REALWorld Law

Real estate finance

Types of security

What sort of security is typically created or entered into by an investor who is borrowing to acquire or develop real estate?

Italy

Italy

Italian law formally recognises only specific types of contractual security which grant preferential rights in favour of a creditor over the assets of the grantor. The main kind of security typically granted in the context of a real estate financing is the following:

1. ‘ipoteca’: a mortgage in respect of immovable property (land and buildings) and certain classes of registered movable property (cars, ships, aircrafts). A mortgage must be executed by a written deed before a Notary public and it must be deposited and registered with the competent Land Registry (Conservatoria dei Registri Immobiliari) to be validly created;

2. ’pegno’: a pledge in respect of movable property, receivables or other assets. For example, it is common for the shareholder(s) in a borrower company to grant a pledge over the shares in the financed propco or, for borrowers, to grant a pledge over, inter alia, each bank account held by the borrower itself in relation to the relevant transaction;

3.‘privilegio speciale’ (under Article 46 of the Decree No. 385 of 1 September 1993 of the Republic of Italy (‘Banking Law’): a floating charge over present and future movable properties (not registered in a public registry), belonging to a company, in order to secure debt claims under a medium or long-term financing (with a duration exceeding 18 months) granted by authorised banking entities. The classes of goods which can be subject to a privilegio speciale are:

  • present or future equipment, plant and machinery, concessions and fixed assets;
  • raw materials, works-in-progress, finished goods, livestock and merchandise;
  • goods purchased in any manner with the proceeds of the relevant financing; and
  • present or future receivables arising from sales of the assets and goods above specified

4. ‘cessione di crediti in garanzia’: an assignment of claims by way of security is not technically a security, but an absolute transfer of title. In the context of a real estate financing transaction, an assignment by way of security typically concerns all rights and receivables arising from insurance policies, occupational leases and/or construction contracts (in the case of real estate development).

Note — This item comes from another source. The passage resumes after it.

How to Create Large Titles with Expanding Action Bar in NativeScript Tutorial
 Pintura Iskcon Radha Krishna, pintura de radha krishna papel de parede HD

Under any such scheme, the debtor(s) of the assignor typically continue to pay to the borrower the amounts due to it until an event of default occurs, and the assignor undertakes to channel any relevant proceeds on a bank account pledged in favour of the lender.

The security mentioned above can be created by separate security documents or within the loan agreement itself (except for the security that must be executed by a written deed before a Notary public). The market standard for structured transactions, however, usually provides for separate documents.